Dataset content:
********

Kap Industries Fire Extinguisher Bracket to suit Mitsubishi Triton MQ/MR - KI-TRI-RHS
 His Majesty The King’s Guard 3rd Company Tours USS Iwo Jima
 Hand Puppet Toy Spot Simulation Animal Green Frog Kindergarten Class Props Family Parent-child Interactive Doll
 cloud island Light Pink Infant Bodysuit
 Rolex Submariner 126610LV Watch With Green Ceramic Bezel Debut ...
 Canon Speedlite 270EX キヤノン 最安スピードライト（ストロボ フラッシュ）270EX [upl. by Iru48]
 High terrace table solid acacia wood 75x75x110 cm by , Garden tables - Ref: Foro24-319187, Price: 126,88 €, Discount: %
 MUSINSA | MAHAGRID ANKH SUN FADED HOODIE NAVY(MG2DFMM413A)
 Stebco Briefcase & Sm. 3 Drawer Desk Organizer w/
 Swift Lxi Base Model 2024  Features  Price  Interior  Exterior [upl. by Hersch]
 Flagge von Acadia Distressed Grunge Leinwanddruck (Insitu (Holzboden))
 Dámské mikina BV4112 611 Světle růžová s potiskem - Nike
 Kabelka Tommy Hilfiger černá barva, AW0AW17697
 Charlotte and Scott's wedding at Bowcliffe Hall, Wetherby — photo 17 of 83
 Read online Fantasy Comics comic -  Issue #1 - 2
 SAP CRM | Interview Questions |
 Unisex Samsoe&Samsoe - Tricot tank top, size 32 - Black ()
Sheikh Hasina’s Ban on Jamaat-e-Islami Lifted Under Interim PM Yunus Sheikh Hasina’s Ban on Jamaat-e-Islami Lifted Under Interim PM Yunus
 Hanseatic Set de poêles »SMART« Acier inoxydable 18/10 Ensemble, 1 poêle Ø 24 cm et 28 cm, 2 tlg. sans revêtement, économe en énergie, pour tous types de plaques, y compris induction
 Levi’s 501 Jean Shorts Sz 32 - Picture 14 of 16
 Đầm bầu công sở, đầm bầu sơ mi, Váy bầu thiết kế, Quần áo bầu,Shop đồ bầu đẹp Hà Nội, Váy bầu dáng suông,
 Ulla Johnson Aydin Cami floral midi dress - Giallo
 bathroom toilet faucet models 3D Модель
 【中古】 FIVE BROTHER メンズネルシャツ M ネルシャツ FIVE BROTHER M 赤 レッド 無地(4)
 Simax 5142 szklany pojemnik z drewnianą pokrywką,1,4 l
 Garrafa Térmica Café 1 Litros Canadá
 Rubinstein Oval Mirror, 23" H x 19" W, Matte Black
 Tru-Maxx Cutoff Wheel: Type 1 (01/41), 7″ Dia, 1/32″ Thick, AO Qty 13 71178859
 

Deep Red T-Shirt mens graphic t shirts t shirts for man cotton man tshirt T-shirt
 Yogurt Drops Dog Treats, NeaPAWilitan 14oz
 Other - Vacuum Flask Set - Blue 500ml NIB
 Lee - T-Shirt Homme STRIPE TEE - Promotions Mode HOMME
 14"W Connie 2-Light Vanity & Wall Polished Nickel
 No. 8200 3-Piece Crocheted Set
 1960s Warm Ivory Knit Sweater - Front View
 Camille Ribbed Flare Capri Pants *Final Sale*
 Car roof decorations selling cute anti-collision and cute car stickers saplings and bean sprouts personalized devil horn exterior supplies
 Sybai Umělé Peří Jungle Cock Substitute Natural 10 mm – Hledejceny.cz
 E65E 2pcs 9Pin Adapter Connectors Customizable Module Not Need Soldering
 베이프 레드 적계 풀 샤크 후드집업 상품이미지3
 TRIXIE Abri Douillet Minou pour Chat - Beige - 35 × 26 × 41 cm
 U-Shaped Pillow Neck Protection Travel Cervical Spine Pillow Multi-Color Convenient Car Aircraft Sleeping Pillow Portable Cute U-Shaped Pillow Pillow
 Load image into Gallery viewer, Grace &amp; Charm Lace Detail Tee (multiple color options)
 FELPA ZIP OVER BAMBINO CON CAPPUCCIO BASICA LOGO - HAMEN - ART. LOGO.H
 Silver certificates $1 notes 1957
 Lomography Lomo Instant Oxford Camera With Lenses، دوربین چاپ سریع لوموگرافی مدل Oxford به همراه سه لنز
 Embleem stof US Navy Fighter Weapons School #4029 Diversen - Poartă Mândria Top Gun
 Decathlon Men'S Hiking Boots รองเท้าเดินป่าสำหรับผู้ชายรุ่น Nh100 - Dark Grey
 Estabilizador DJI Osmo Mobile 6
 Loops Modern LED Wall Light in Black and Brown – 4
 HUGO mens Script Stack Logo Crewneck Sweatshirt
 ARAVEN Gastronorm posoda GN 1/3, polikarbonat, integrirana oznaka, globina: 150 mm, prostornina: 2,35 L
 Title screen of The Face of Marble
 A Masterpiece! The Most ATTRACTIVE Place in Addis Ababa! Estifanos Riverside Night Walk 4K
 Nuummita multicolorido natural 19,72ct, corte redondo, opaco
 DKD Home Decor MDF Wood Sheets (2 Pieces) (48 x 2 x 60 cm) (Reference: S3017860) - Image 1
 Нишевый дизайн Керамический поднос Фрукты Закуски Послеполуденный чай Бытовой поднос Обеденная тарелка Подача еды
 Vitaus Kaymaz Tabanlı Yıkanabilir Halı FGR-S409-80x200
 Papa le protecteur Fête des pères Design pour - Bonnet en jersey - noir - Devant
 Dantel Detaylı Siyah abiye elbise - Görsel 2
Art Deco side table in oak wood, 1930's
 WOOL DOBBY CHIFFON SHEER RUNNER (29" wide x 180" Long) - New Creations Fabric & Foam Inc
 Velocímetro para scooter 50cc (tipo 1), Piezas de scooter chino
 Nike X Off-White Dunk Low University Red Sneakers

********

What needs to be done: Write out every entry verbatim.

Written reply:
Kap Industries Fire Extinguisher Bracket to suit Mitsubishi Triton MQ/MR - KI-TRI-RHS
 His Majesty The King’s Guard 3rd Company Tours USS Iwo Jima
 Hand Puppet Toy Spot Simulation Animal Green Frog Kindergarten Class Props Family Parent-child Interactive Doll
 cloud island Light Pink Infant Bodysuit
 Rolex Submariner 126610LV Watch With Green Ceramic Bezel Debut ...
 Canon Speedlite 270EX キヤノン 最安スピードライト（ストロボ フラッシュ）270EX [upl. by Iru48]
 High terrace table solid acacia wood 75x75x110 cm by , Garden tables - Ref: Foro24-319187, Price: 126,88 €, Discount: %
 MUSINSA | MAHAGRID ANKH SUN FADED HOODIE NAVY(MG2DFMM413A)
 Stebco Briefcase & Sm. 3 Drawer Desk Organizer w/
 Swift Lxi Base Model 2024  Features  Price  Interior  Exterior [upl. by Hersch]
 Flagge von Acadia Distressed Grunge Leinwanddruck (Insitu (Holzboden))
 Dámské mikina BV4112 611 Světle růžová s potiskem - Nike
 Kabelka Tommy Hilfiger černá barva, AW0AW17697
 Charlotte and Scott's wedding at Bowcliffe Hall, Wetherby — photo 17 of 83
 Read online Fantasy Comics comic -  Issue #1 - 2
 SAP CRM | Interview Questions |
 Unisex Samsoe&Samsoe - Tricot tank top, size 32 - Black ()
Sheikh Hasina’s Ban on Jamaat-e-Islami Lifted Under Interim PM Yunus Sheikh Hasina’s Ban on Jamaat-e-Islami Lifted Under Interim PM Yunus
 Hanseatic Set de poêles »SMART« Acier inoxydable 18/10 Ensemble, 1 poêle Ø 24 cm et 28 cm, 2 tlg. sans revêtement, économe en énergie, pour tous types de plaques, y compris induction
 Levi’s 501 Jean Shorts Sz 32 - Picture 14 of 16
 Đầm bầu công sở, đầm bầu sơ mi, Váy bầu thiết kế, Quần áo bầu,Shop đồ bầu đẹp Hà Nội, Váy bầu dáng suông,
 Ulla Johnson Aydin Cami floral midi dress - Giallo
 bathroom toilet faucet models 3D Модель
 【中古】 FIVE BROTHER メンズネルシャツ M ネルシャツ FIVE BROTHER M 赤 レッド 無地(4)
 Simax 5142 szklany pojemnik z drewnianą pokrywką,1,4 l
 Garrafa Térmica Café 1 Litros Canadá
 Rubinstein Oval Mirror, 23" H x 19" W, Matte Black
 Tru-Maxx Cutoff Wheel: Type 1 (01/41), 7″ Dia, 1/32″ Thick, AO Qty 13 71178859
 

Deep Red T-Shirt mens graphic t shirts t shirts for man cotton man tshirt T-shirt
 Yogurt Drops Dog Treats, NeaPAWilitan 14oz
 Other - Vacuum Flask Set - Blue 500ml NIB
 Lee - T-Shirt Homme STRIPE TEE - Promotions Mode HOMME
 14"W Connie 2-Light Vanity & Wall Polished Nickel
 No. 8200 3-Piece Crocheted Set
 1960s Warm Ivory Knit Sweater - Front View
 Camille Ribbed Flare Capri Pants *Final Sale*
 Car roof decorations selling cute anti-collision and cute car stickers saplings and bean sprouts personalized devil horn exterior supplies
 Sybai Umělé Peří Jungle Cock Substitute Natural 10 mm – Hledejceny.cz
 E65E 2pcs 9Pin Adapter Connectors Customizable Module Not Need Soldering
 베이프 레드 적계 풀 샤크 후드집업 상품이미지3
 TRIXIE Abri Douillet Minou pour Chat - Beige - 35 × 26 × 41 cm
 U-Shaped Pillow Neck Protection Travel Cervical Spine Pillow Multi-Color Convenient Car Aircraft Sleeping Pillow Portable Cute U-Shaped Pillow Pillow
 Load image into Gallery viewer, Grace &amp; Charm Lace Detail Tee (multiple color options)
 FELPA ZIP OVER BAMBINO CON CAPPUCCIO BASICA LOGO - HAMEN - ART. LOGO.H
 Silver certificates $1 notes 1957
 Lomography Lomo Instant Oxford Camera With Lenses، دوربین چاپ سریع لوموگرافی مدل Oxford به همراه سه لنز
 Embleem stof US Navy Fighter Weapons School #4029 Diversen - Poartă Mândria Top Gun
 Decathlon Men'S Hiking Boots รองเท้าเดินป่าสำหรับผู้ชายรุ่น Nh100 - Dark Grey
 Estabilizador DJI Osmo Mobile 6
 Loops Modern LED Wall Light in Black and Brown – 4
 HUGO mens Script Stack Logo Crewneck Sweatshirt
 ARAVEN Gastronorm posoda GN 1/3, polikarbonat, integrirana oznaka, globina: 150 mm, prostornina: 2,35 L
 Title screen of The Face of Marble
 A Masterpiece! The Most ATTRACTIVE Place in Addis Ababa! Estifanos Riverside Night Walk 4K
 Nuummita multicolorido natural 19,72ct, corte redondo, opaco
 DKD Home Decor MDF Wood Sheets (2 Pieces) (48 x 2 x 60 cm) (Reference: S3017860) - Image 1
 Нишевый дизайн Керамический поднос Фрукты Закуски Послеполуденный чай Бытовой поднос Обеденная тарелка Подача еды
 Vitaus Kaymaz Tabanlı Yıkanabilir Halı FGR-S409-80x200
 Papa le protecteur Fête des pères Design pour - Bonnet en jersey - noir - Devant
 Dantel Detaylı Siyah abiye elbise - Görsel 2
Art Deco side table in oak wood, 1930's
 WOOL DOBBY CHIFFON SHEER RUNNER (29" wide x 180" Long) - New Creations Fabric & Foam Inc
 Velocímetro para scooter 50cc (tipo 1), Piezas de scooter chino
 Nike X Off-White Dunk Low University Red Sneakers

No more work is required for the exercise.